Recorded information:

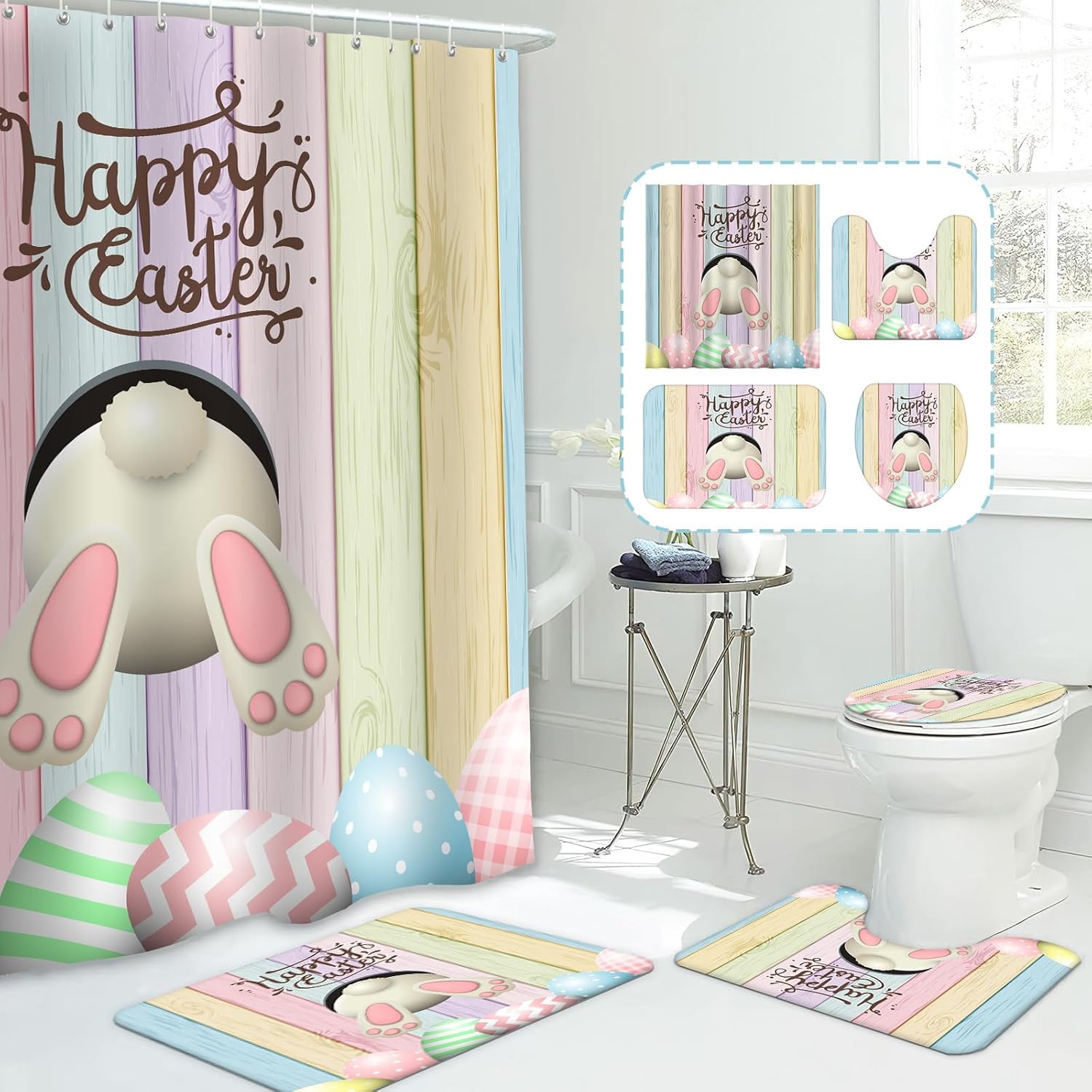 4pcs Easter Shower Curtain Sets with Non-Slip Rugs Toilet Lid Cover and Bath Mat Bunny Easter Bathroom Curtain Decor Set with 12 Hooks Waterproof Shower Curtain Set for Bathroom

--

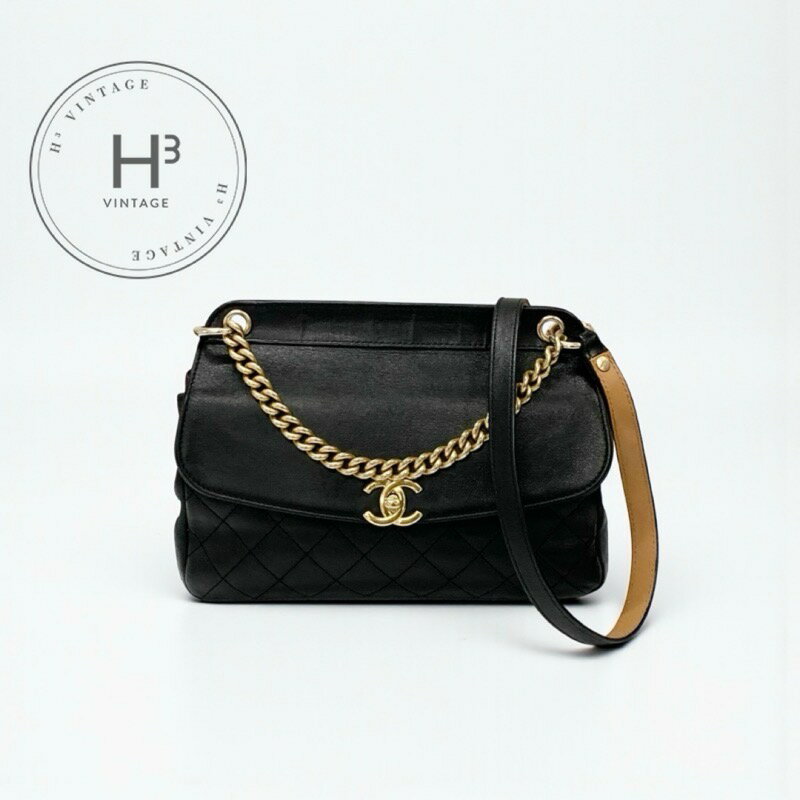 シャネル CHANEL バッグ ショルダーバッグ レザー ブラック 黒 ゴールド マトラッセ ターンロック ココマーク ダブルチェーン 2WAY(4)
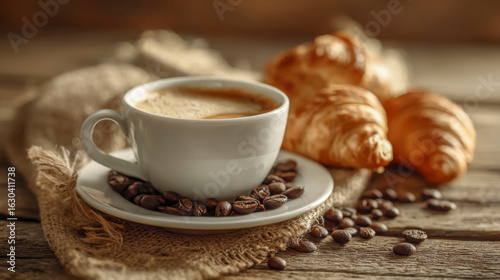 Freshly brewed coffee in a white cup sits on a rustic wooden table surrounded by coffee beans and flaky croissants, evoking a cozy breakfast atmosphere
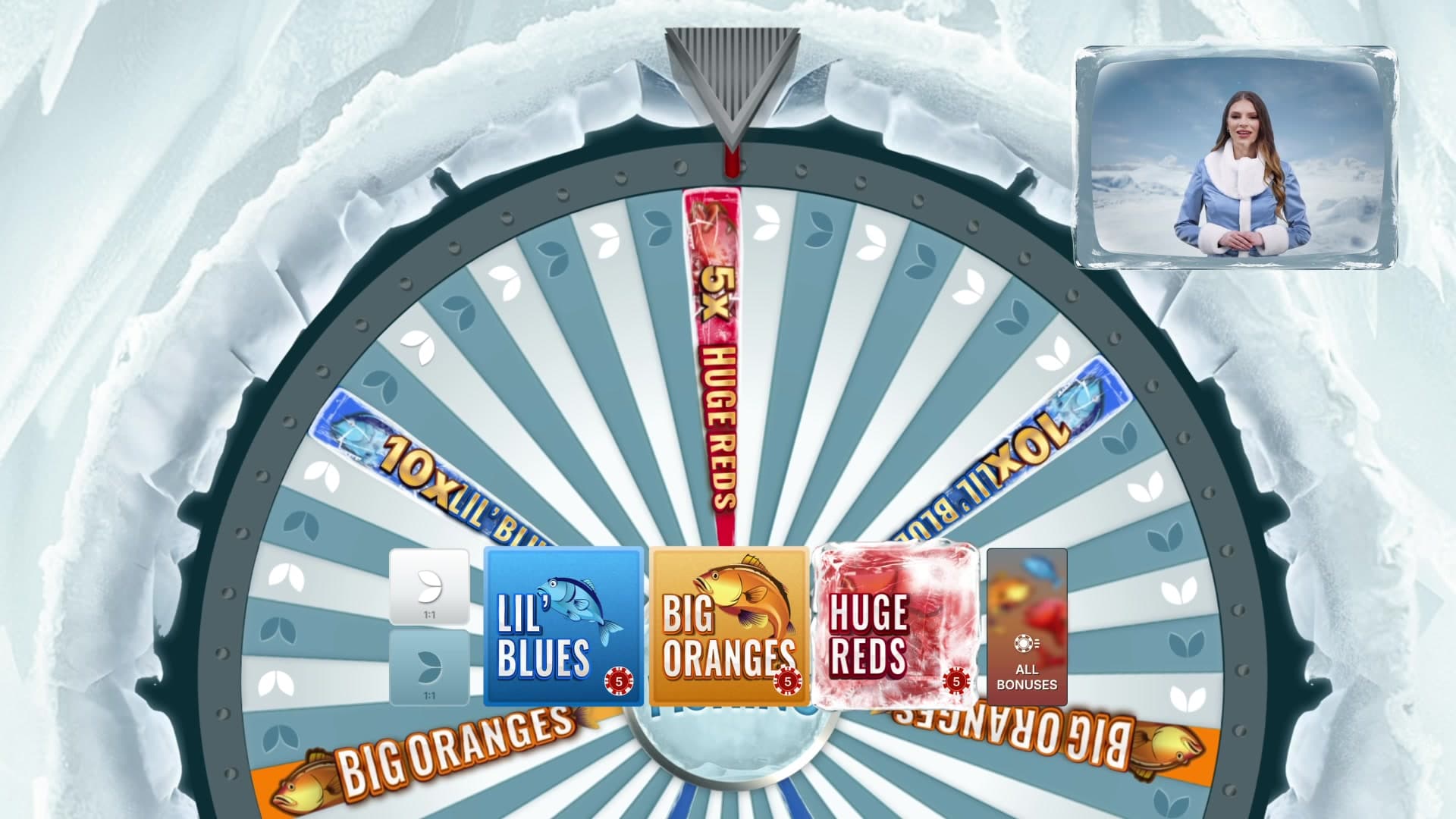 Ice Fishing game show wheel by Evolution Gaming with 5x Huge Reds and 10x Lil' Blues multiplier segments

Your task: Return only the part above that opens with the line containing "シャネル CHANEL バッグ" and closes with the line containing "Ice Fishing game", exactly and with both ends, skipping the pictures.

Your response:
 シャネル CHANEL バッグ ショルダーバッグ レザー ブラック 黒 ゴールド マトラッセ ターンロック ココマーク ダブルチェーン 2WAY(4)
 Freshly brewed coffee in a white cup sits on a rustic wooden table surrounded by coffee beans and flaky croissants, evoking a cozy breakfast atmosphere
 Ice Fishing game show wheel by Evolution Gaming with 5x Huge Reds and 10x Lil' Blues multiplier segments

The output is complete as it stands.